The U.S. economy also benefited from immigration. The availability of relatively cheap, low-skilled immigrant labor helped fuel the rapid industrial expansion and development of the United States. Many immigrants’ willingness to work longer hours for less pay reduced the price of labor for rapidly growing industries. However, the nation’s economic gains did not come without social costs—anti-immigrant bigotry, racial tensions, and labor conflicts.
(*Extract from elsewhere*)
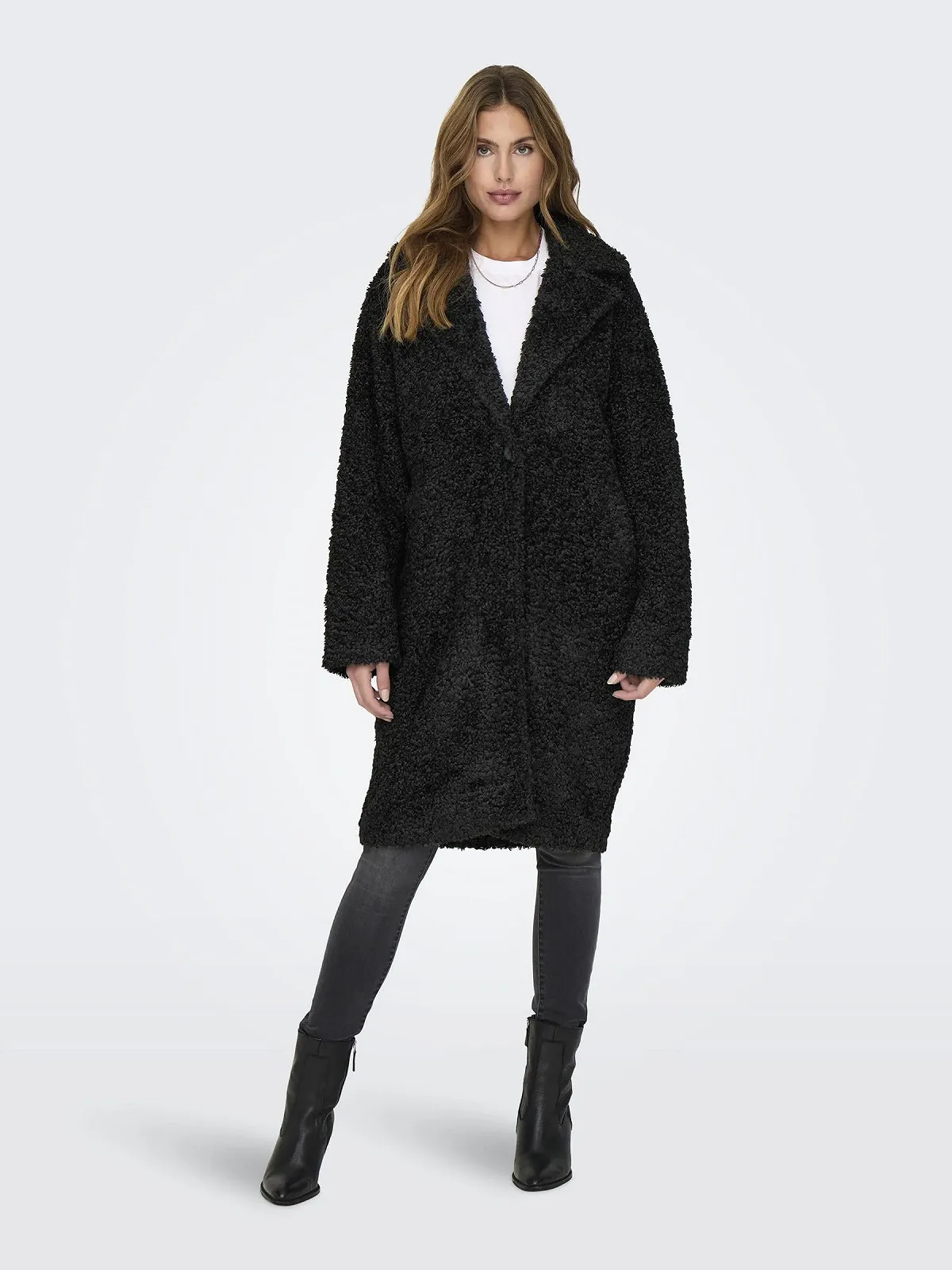 Пальто ONLY Onlcatalina Shaggy Coat CC OTW, фото №3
The Know-Nothing (American) Party opposed immigration in the mid-1800s; the Molly Maguires (Irish coal miners) arranged for an end of Chinese immigration in the late 1800s; and the Ku Klux Klan of the 1920s was extremely anti-immigrant after World War I race riots occurred when returning veterans demanded jobs held by African Americans.

The Immigration Act of 1924, a result of the determination of the Ku Klux Klan and other groups to stop immigration after World War I, significantly diminished mass immigration until after World War II, when immigration resumed its steady increase. Like their predecessors, immigrants in the latter half of the twentieth century based the decision to emigrate on economic and cultural factors. For example, people were more likely to relocate to the United States if their native countries had less political freedom than the United States or if their country became involved in crisis or conflict. In addition, proximity to the United States, fluency in English, and levels of higher education increased the likelihood of immigration. On the other hand, immigration slowed when wages in source countries became higher than those in the United States. On arrival in the United States, immigrants often lagged behind in terms of earning potential, but they usually caught up with and sometimes surpassed native-born Americans of similar socioeconomic backgrounds within a generation.
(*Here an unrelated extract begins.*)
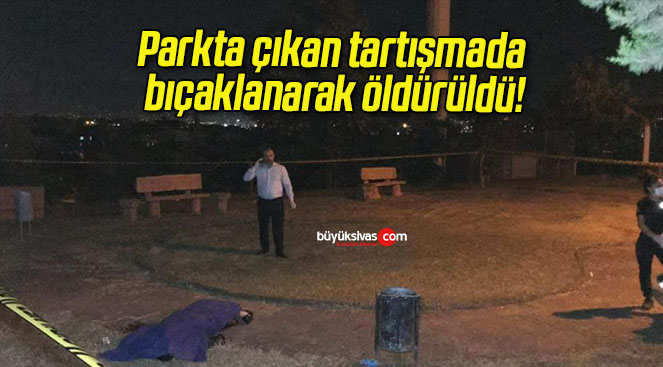 Parkta çıkan tartışmada bıçaklanarak öldürüldü!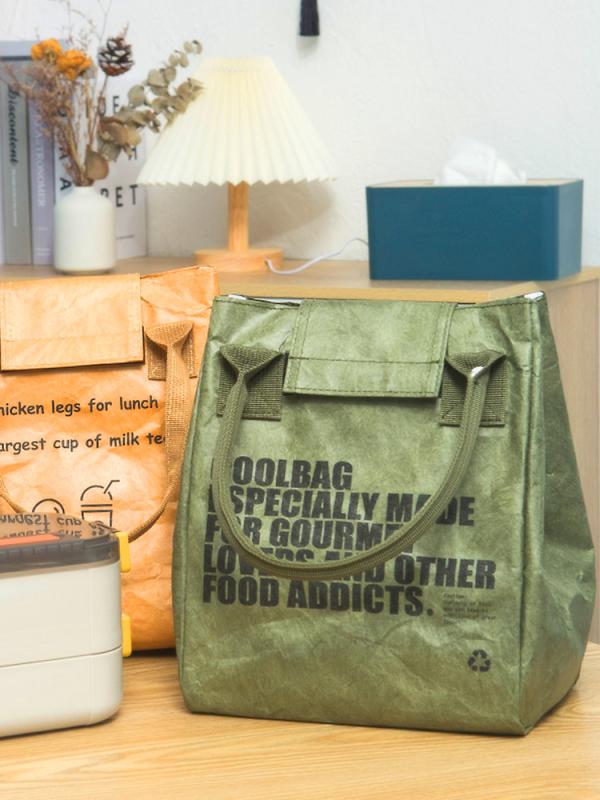 ランチ バッグ 断熱 ランチボックス バッグ デュポン紙 オフィスワーカー 米袋 学生 大容量 防水 耐油 ..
Newly arrived emigrants walk from the steamship company’s dock to Ellis Island for processing. (Library of Congress.)

After the passage of the Immigration Act of 1965, which removed restrictions on immigration to the United States from non-European nations, immigration began to increase from developing regions including India, China, the Middle East, and sub-Saharan Africa. In addition, the number of illegal Mexican immigrants looking for employment and a better life increased dramatically. Since the 1990s, the United States has offered amnesty programs allowing many illegal Mexican immigrants to file for citizenship. The increasing population of unskilled immigrants has sometimes burdened state and federal welfare systems and contributed to a decline in domestic unskilled wages. However, the number of highly skilled and educated immigrants from the same regions has also increased, a “brain drain” that has significantly benefited the United States. Taking into consideration both low-skilled and high-skilled immigrants, the United States has enjoyed a net benefit from immigration during the period since 1980.
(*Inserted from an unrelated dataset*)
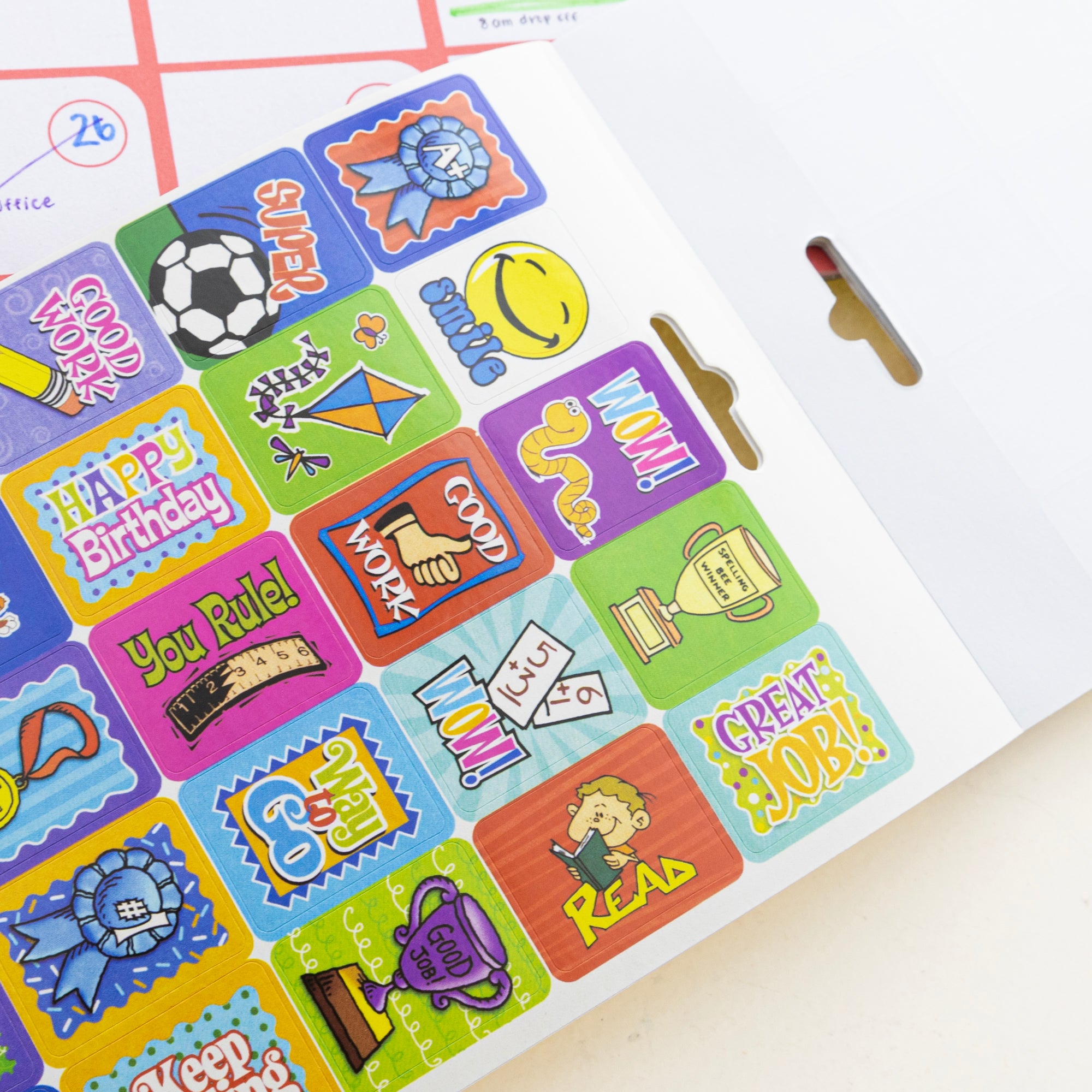 Reward Sticker Book, Over 400 Stickers, Compact Flip Book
See also: Volume Two: Immigration Policy; Labor.

  • Borjas, George J.The Economics of Immigration.” Journal of Economic Literature, vol. 32, no. 4 (December 1994): 1667-1717.
  • Greenwood, Michael J., and McDowell, John M.. “Differential Economic Opportunity, Transferability of Skills, and Immigration to the United States and Canada.” Review of Economics and Statistics, vol. 73, no. 4 (November 1991): 612-623.
  • Higham, John. Strangers in the Land: Patterns of American Nativism, 1860-1925. New York: Atheneum, 1968.
  • Kessner, Thomas. The Golden Door and Jewish Immigrant Mobility in New York City, 1880-1915. New York: Oxford University Press, 1977.
  • World Bank. World Bank Development Report 1999-2000. Oxford: Oxford University Press, 2000.